Each UAV \(i(i=1,2,\ldots ,N_u )\) is equipped with a gimbaled camera, the line of sight (LOS) of which will always aim straight down even when UAV performs yaw or roll maneuvers. We assume that UAV is always over the center of one grid and the field of view (FOV) of camera covers at least this grid exactly at each time step \(t(t=1,2,\ldots ,T)\). Besides, the camera footprint is regarded as a glimpse, meaning that the corresponding grid will be only detected once at one time step. It should be noticed that, considering the limitation of sensor reliability and the task difficulty of complex areas (e.g., vegetation, buildings), the detection may not occur sometimes even when the camera covers the grid occupied by the target. Hence g(m) is presented here to denote the detection probability when the sensor covers the grid m.

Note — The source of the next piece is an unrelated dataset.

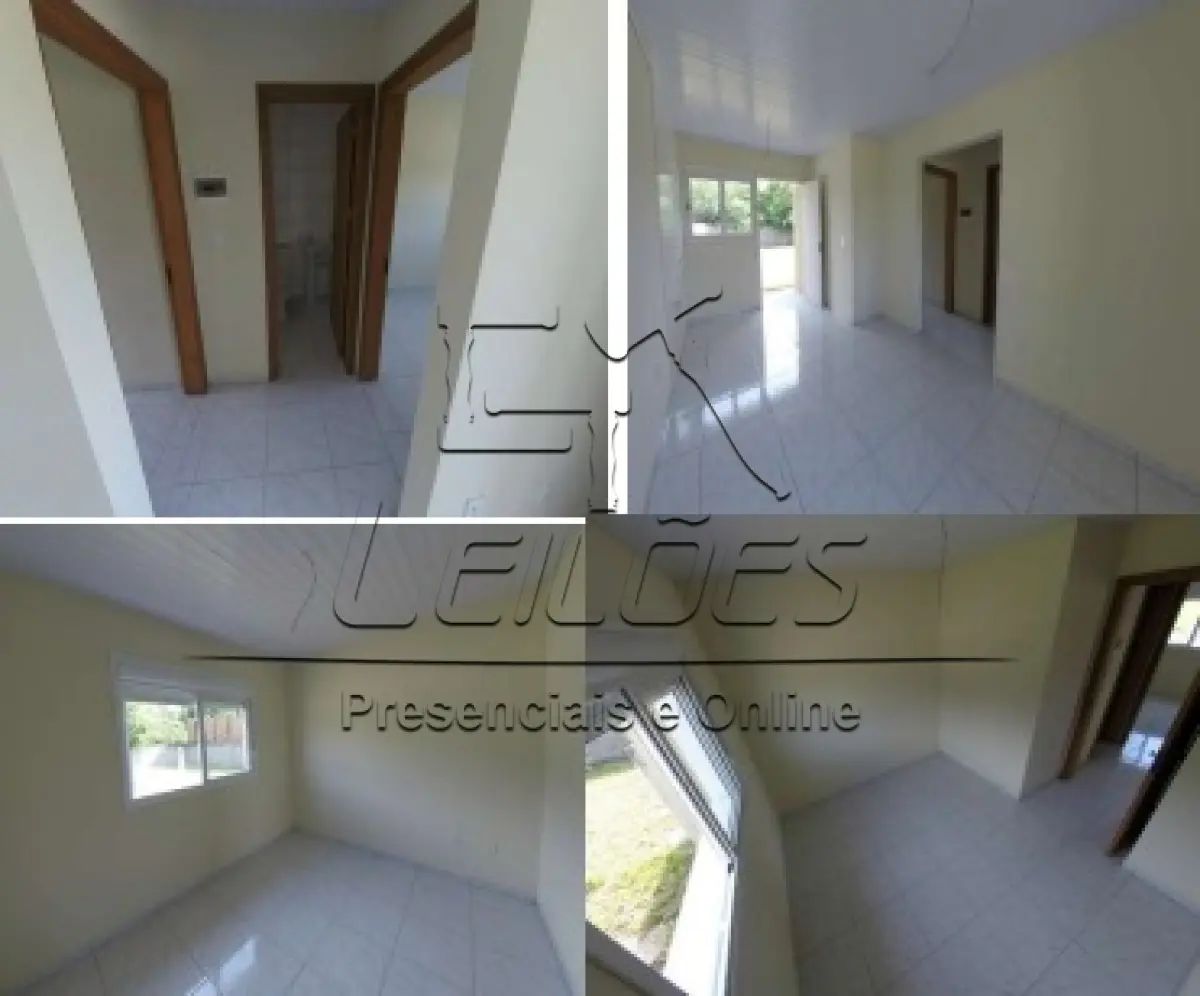 LOTE 018 - Casa de alvenaria sob nº 441-B, geminada, com a área construída de 43,48m²,  situada na Rua Vítor Mateus Teixeira, Vila Três Marias, em Esteio/RS. Matrícula nº 20.814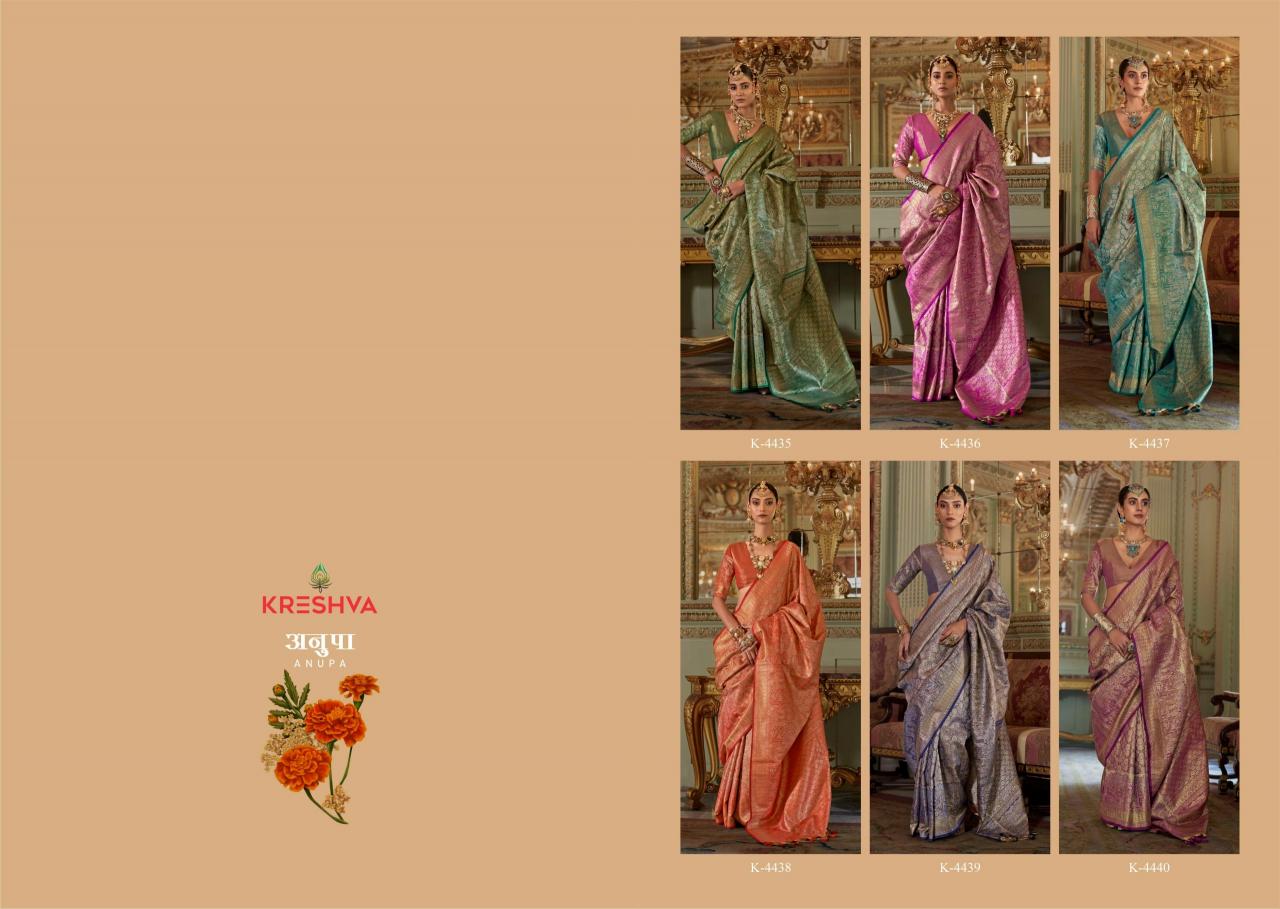 Kreshva Anupa catalog surat wholesale saree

Suppose that the FOV range is exactly covering one grid. Before the modeling of g(m), we first model the complex areas of searching space. In this paper, the searching behavior is performed in urban environment, including tall buildings (the height satisfies \(h\ge H)\) and low buildings (\(h<H)\). Cylinder and cuboid are the main types of buildings, and grid m will be considered to be occupied by the building if the grid center is inside of this building. The grids occupied by tall buildings construct the restricted region or no-fly zone \({\varvec{X}}^R\) which UAVs must avoid, and the corresponding detection probability is assumed to be 0 for simplicity. The grids occupied by low buildings construct the area \({\varvec{X}}^D\) with zero detection probability, but UAVs can fly safely over this area. Based on the above assumptions, we model g(m) as follows:

$$\begin{aligned} g(m)=\left\{ {{\begin{array}{l@{\quad }l} 0&{} m\in {\varvec{X}}^R \hbox { or } m\in {\varvec{X}}^D\\ g_s &{} \hbox {otherwise} \\ \end{array} }} \right. \end{aligned}$$
(2)

where \(g_s \in (0,1]\) is the reliability coefficient of sensor in free environment, and it mathematically quantifies the belief of sensor glimpse reducing the grid uncertainty.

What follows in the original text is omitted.